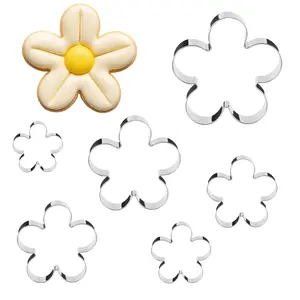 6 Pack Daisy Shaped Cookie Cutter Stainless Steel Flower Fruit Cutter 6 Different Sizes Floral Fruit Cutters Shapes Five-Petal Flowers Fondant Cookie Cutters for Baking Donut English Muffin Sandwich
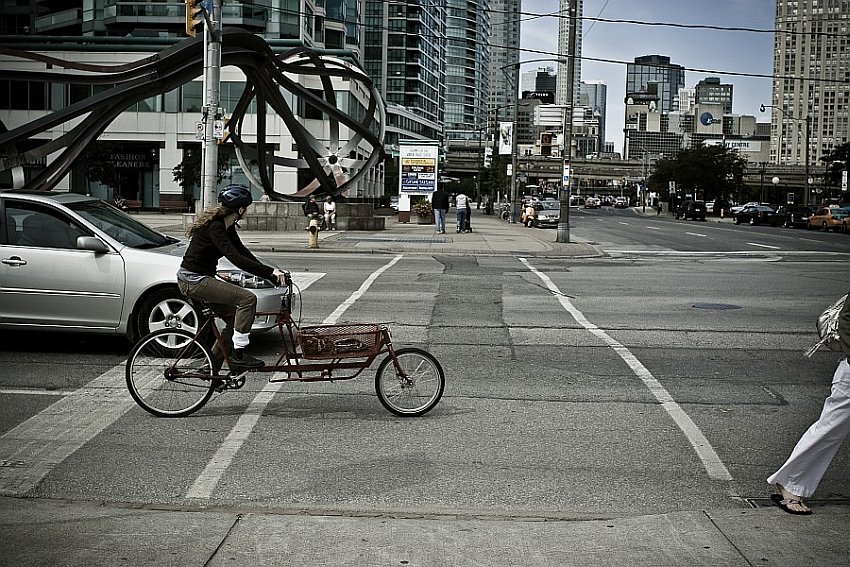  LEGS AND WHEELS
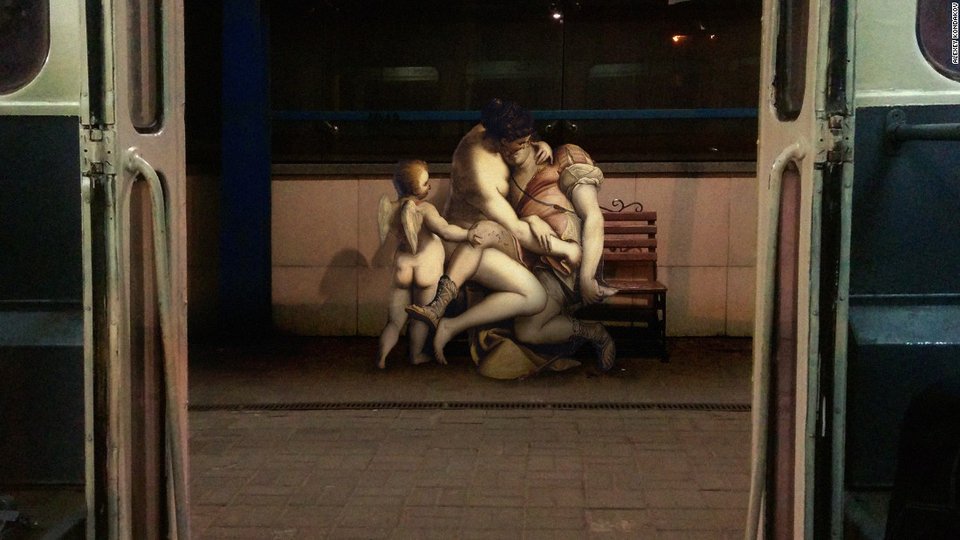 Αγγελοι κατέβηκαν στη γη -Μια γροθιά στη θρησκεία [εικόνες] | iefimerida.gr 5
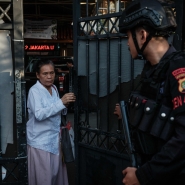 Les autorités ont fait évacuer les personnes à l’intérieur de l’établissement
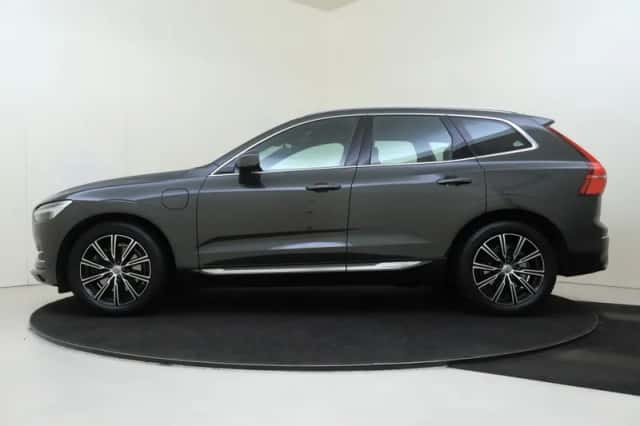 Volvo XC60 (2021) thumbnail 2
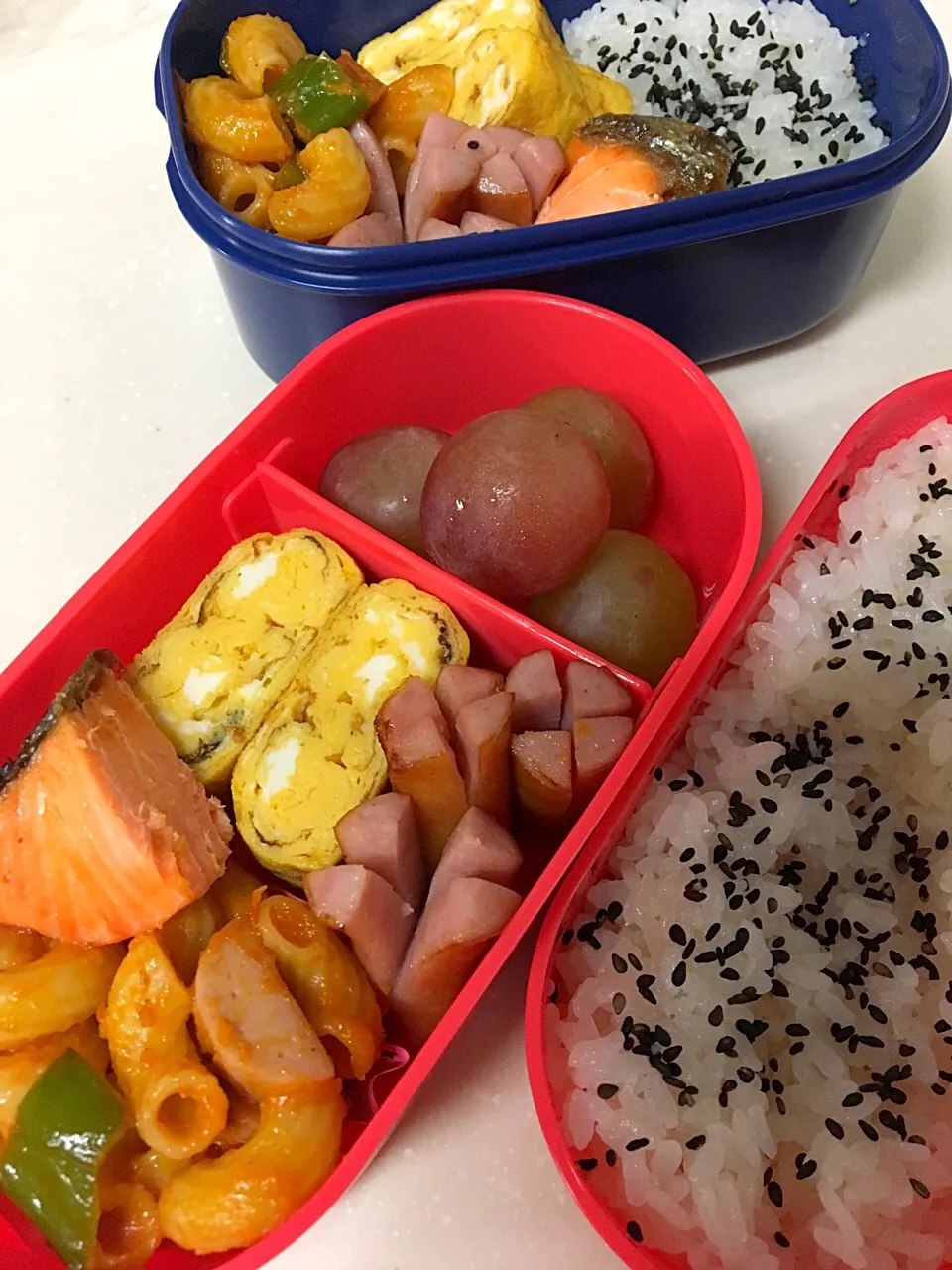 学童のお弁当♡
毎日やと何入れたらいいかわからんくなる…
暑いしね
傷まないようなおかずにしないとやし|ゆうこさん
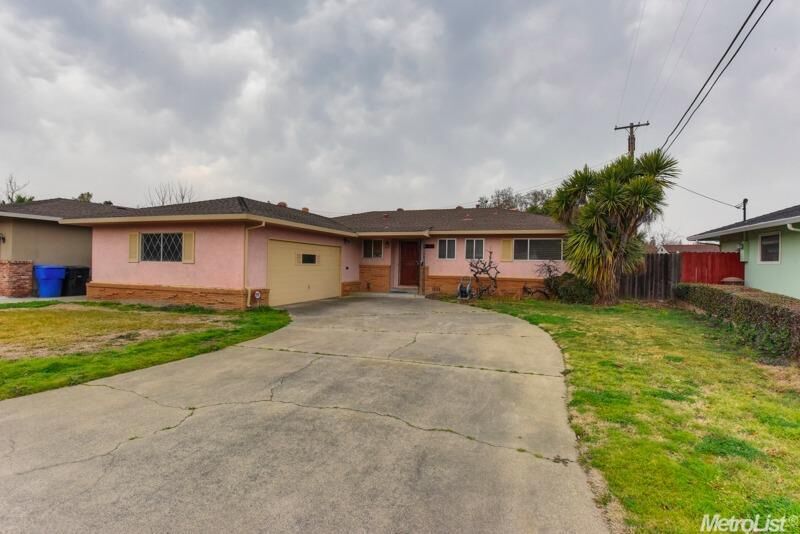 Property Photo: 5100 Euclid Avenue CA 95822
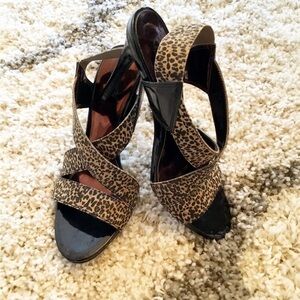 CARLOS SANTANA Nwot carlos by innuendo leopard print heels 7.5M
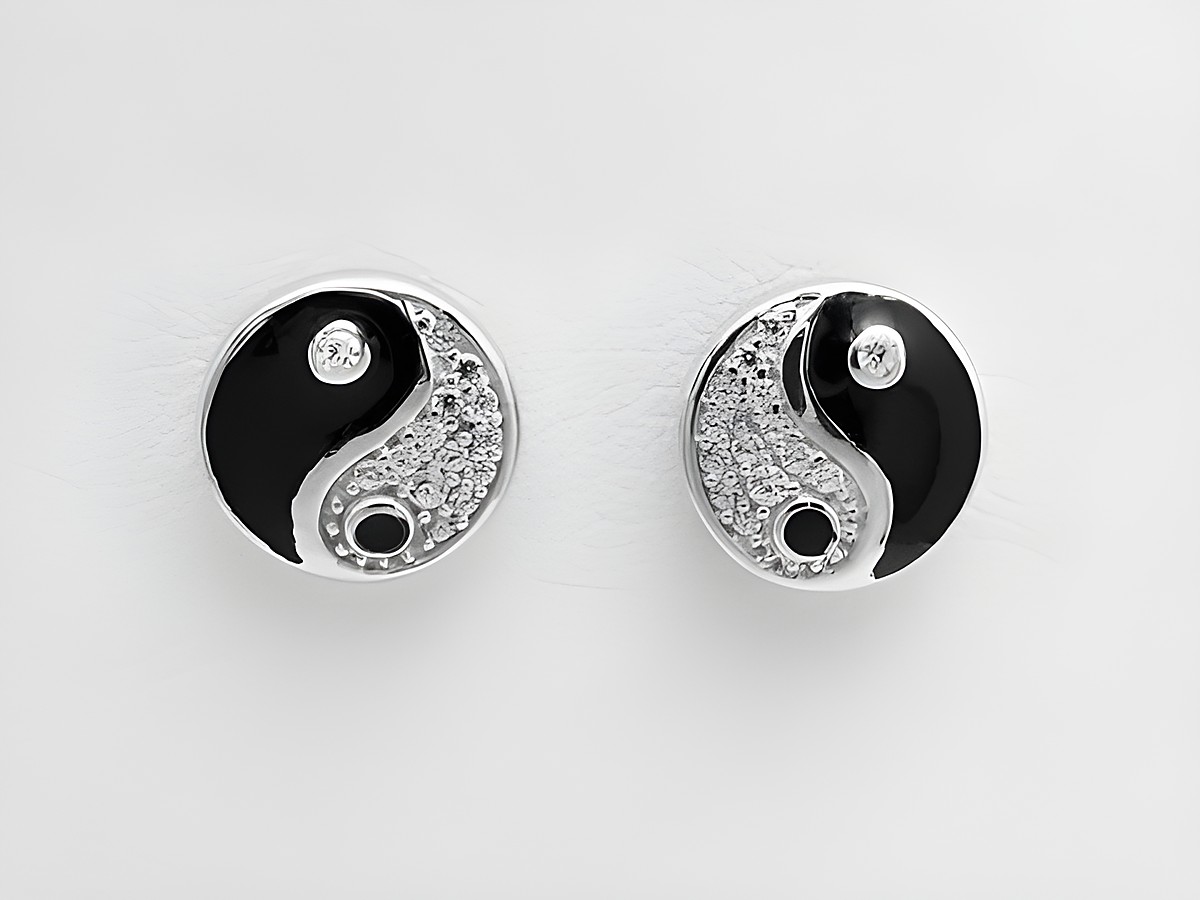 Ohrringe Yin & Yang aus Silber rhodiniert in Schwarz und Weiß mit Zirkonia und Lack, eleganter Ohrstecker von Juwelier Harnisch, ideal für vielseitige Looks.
_ _ _ _
### Exercise directions
Please transcribe every record above exactly as written, leaving out the pictures.

### Exercise answer
 6 Pack Daisy Shaped Cookie Cutter Stainless Steel Flower Fruit Cutter 6 Different Sizes Floral Fruit Cutters Shapes Five-Petal Flowers Fondant Cookie Cutters for Baking Donut English Muffin Sandwich
  LEGS AND WHEELS
 Αγγελοι κατέβηκαν στη γη -Μια γροθιά στη θρησκεία [εικόνες] | iefimerida.gr 5
 Les autorités ont fait évacuer les personnes à l’intérieur de l’établissement
 Volvo XC60 (2021) thumbnail 2
 学童のお弁当♡
毎日やと何入れたらいいかわからんくなる…
暑いしね
傷まないようなおかずにしないとやし|ゆうこさん
 Property Photo: 5100 Euclid Avenue CA 95822
 CARLOS SANTANA Nwot carlos by innuendo leopard print heels 7.5M
 Ohrringe Yin & Yang aus Silber rhodiniert in Schwarz und Weiß mit Zirkonia und Lack, eleganter Ohrstecker von Juwelier Harnisch, ideal für vielseitige Looks.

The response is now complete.